Titel: J. Dickie's neues Wasserfahrzeug.
Autor: Anonymus
Fundstelle: 1885, Band 256 (S. 433–434)
URL: http://dingler.culture.hu-berlin.de/article/pj256/ar256162

J. Dickie's neues Wasserfahrzeug.

Mit Abbildungen.

Schon mehrfach ist der Versuch gemacht worden, den Widerstand eines Schiffes dadurch zu verringern, daſs man demselben eine Form ertheilt, vermöge deren das ganze Fahrzeug, anstatt nach statischen Gesetzen zu schwimmen, bei rascher Fortbewegung gewissermaſsen aus dem Wasser herausgehoben wird und über die Oberfläche desselben hingleitet. Ein neuer Versuch zur Verwirklichung dieses Gedankens ist nach dem Marine Engineer bezieh. dem Scientific American Supplement, 1884 S. 7232 von J. Dickie in Leeds gemacht worden, dessen Fahrzeug umstehend in einfachen Linien seinem Prinzipe nach verdeutlicht ist.
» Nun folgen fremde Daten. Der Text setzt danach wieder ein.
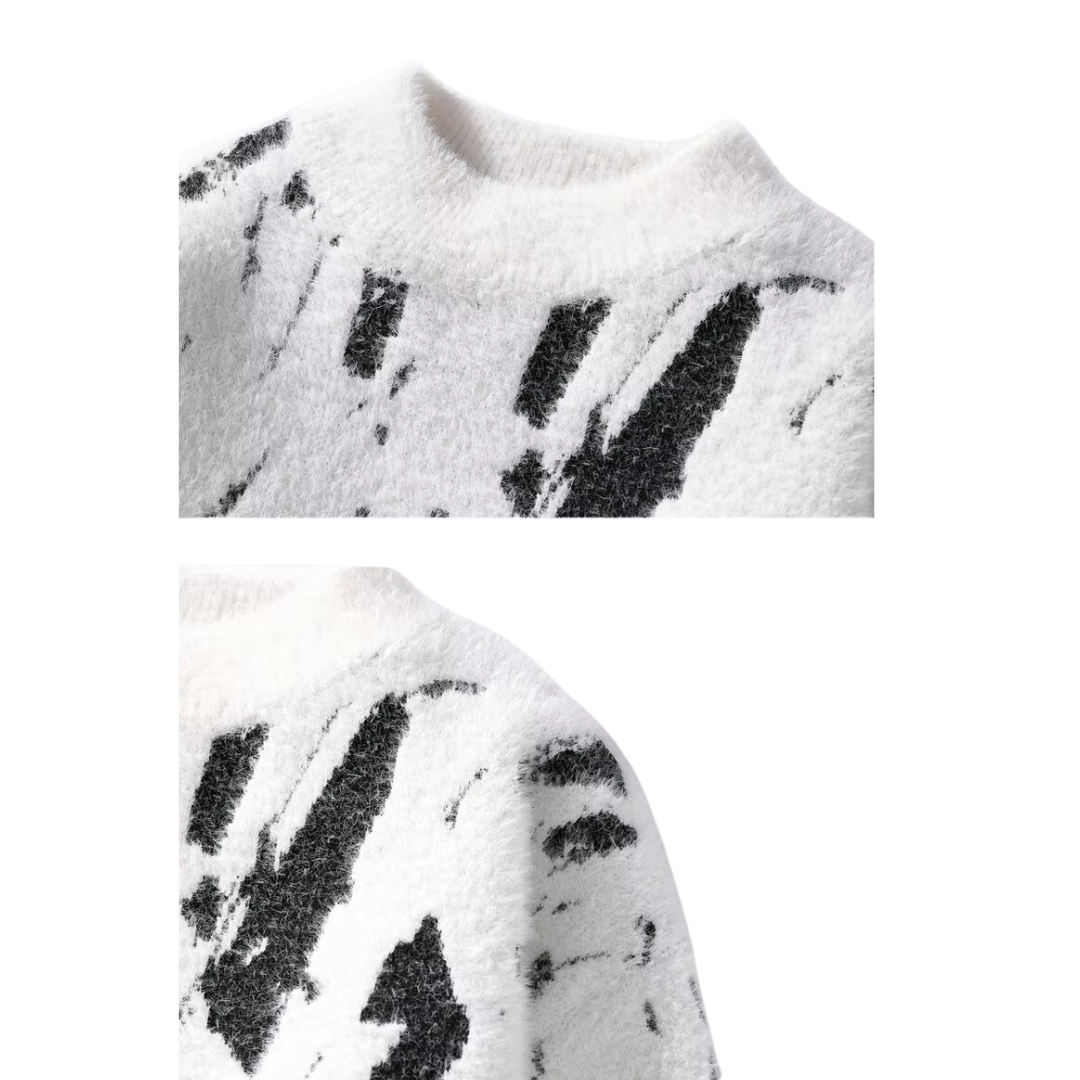 Nico Rundhals-Pullover | Colosy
Aus dem Längsschnitte und den Querschnitten I bis III ergibt sich, daſs der Boden dieses Schiffes durch 3mal zwei nach vorn hin ansteigende schiefe Ebenen gebildet wird, deren ersteres Paar in den eigenthümlich dreitheilig gestalteten Bug ausläuft, während die hinteren Paare in groſse nach unten sich verbreiternde und über Deck mit weiten Windfängen versehene Luftgänge hineinführen. Durch die Wirkung dieser schiefen Ebenen soll nun das Schiff bei rascher Fahrt sich heben, gleichzeitig aber auch durch die nach Meinung Dickie's zwischen dem Wasser und den schiefen Ebenen vom Buge aus bezieh. durch die Luftführungen |434| mitgerissene Luft der Reibungswiderstand des Wassers am Schiffe beträchtlich herabgezogen werden. Die Fortbewegung des Schiffes geschieht durch zwei unter demselben befindliche Schrauben mit schräg liegenden Wellen. Seitlich des Schiffskörpers sind zwei wasserdichte Räume a vorhanden, welche sich hinten bedeutend verbreitern und eine Wirbelbildung durch die Schrauben und die Bewegung des Schiffes verhindern sollen.

Textabbildung Bd. 256, S. 434
Auſserdem soll der breite Bau dieses Fahrzeuges dem Rollen wirksam entgegen wirken und Gelegenheit geben, die Kajüten und sonstigen Räume in einer Gröſse einzubauen, wie es bei der gewöhnlichen Form der Schiffe unmöglich ist.